Pro Massive amount of libraries and APIs
Java has been around for such a long time that there have been tens of thousands of APIs and libraries written for almost anything you want to do.
Pro Most commonly used language in industry
Java is one of the most popular languages in industry, consistently ranking either first, or occasionally second (behind C or Javascript) in terms of usage. Polls (see sources below) show it to be consistently in high demand, particularly as measured by job board postings. This makes Java a great time investment, as you will be easily able to get a job utilizing your skills, particularly as those Java applications in production now will continue to need maintenance in the future. It also results in great support for tools and plenty of computer science books, example projects and online tutorials.
Pro Fantastic IDEs
Because Java is statically typed, integrated development environments (IDEs) for Java can provide a lot more feedback on errors you will encounter. Java IDEs can give you specific errors in the location where they occur without having to run the code every time. This makes is faster to debug and learn from your mistakes.
IDEs also have extensive auto complete capabilities that can help you learn the programming libraries you are using faster and tell you what functions are available.
Pro Introduces you to object oriented languages
Object Oriented Programming (OOP) is a paradigm that teaches you to split your problem into simpler modules with few connections between them; it's the most common paradigm used in industry.
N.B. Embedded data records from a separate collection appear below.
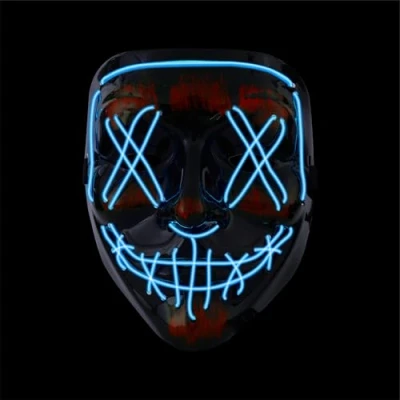 Immagine di Maschera di Halloween ispirata a “The Purge con LED, controllabile, per e Carnevale, costume travestimento uomo donna, in diversi colori (blu)
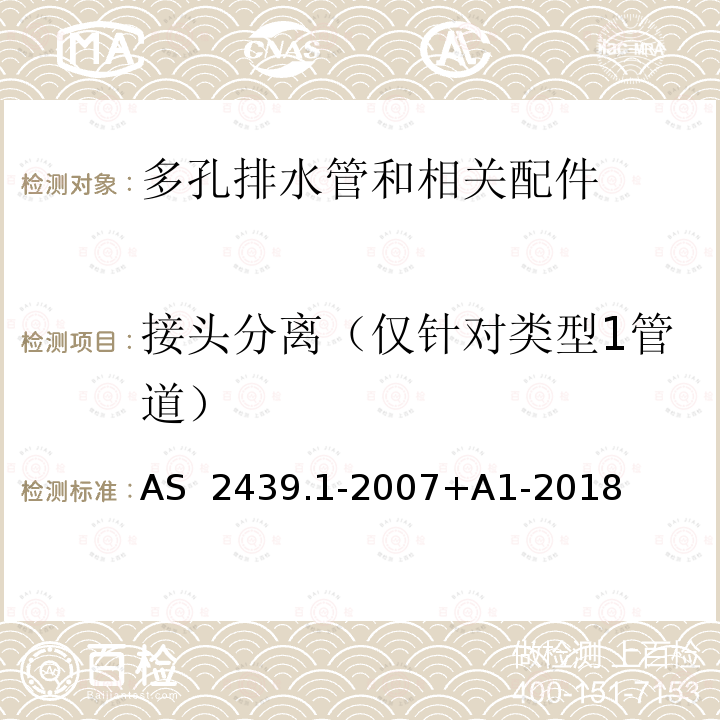 接头分离（仅针对类型1管道） AS 2439.1-2007 多孔塑料排水管和污水管及配件第1部分：多孔排水管和相关配件 +A1-2018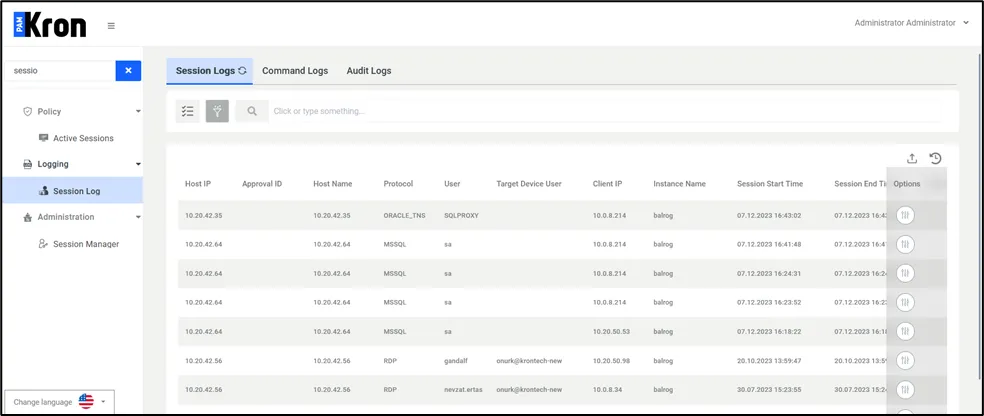 Session Logs Page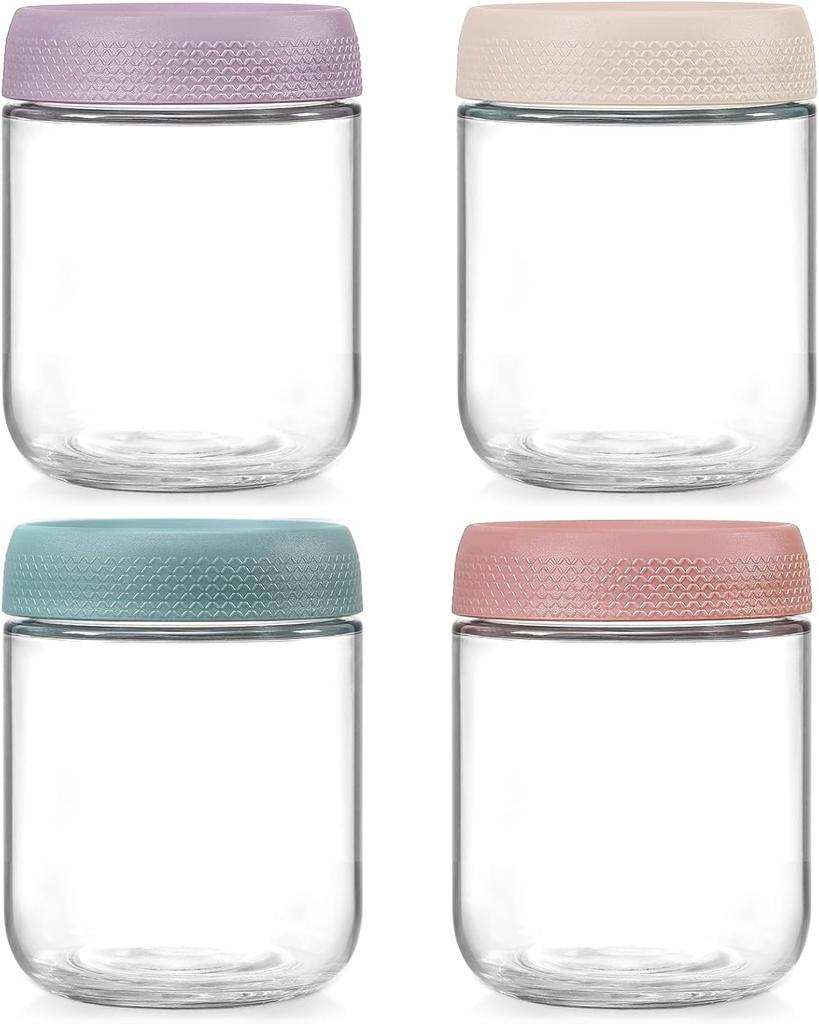 NETANY 4-pack 16oz Glass jars with Airtight Lids, Overnight Oats Containers with Lids, Wide mouth Mason Salad jars, Glass Food Storage Containers for Snacks Yogurt Spice Sugar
Java is the best choice as an introduction to object oriented languages because, as a statically-typed OOP-only language, it very clearly highlights core OOP principles such as encapsulation, access control, data abstraction, and inheritance.
While a scripting language provides more flexibility and terseness, learning a scripting language first would not instill these fundamental concepts as well, as they tend to obscure details such as how types work, and are less encouraging of an object oriented style.
Pro Best introduction to "C style" languages
The Java syntax is very similar to other C style languages. Learning the fundamentals of Java will port over well to other languages so you can apply what you've leaned to other languages afterwards.
Pro Platform Independent
Because of the Java Virtual Machine, the Java programming language is supported wherever a JVM is installed.
Pro You know what you do, and still simple
Because everything is typed and there is no silent cast or fail, you exactly know what you are manipulating, and there's no magic.
Have you ever watched a beginner struggling with a "couldn't call method x on y" in python or Javascript? These languages don't teach you what proper types are.
Java is one of the simplest languages to learn these basic concepts you find in every programming language.
Pro Understanding of computers
Learning C forces you to grapple with the low-level workings of your computer (memory management, pointers, etc.) in ways that the other languages abstract away. Without an understanding of these low-level aspects of computer programming you will be limited if you try to develop an application that needs to run in a memory or performance constrained environment.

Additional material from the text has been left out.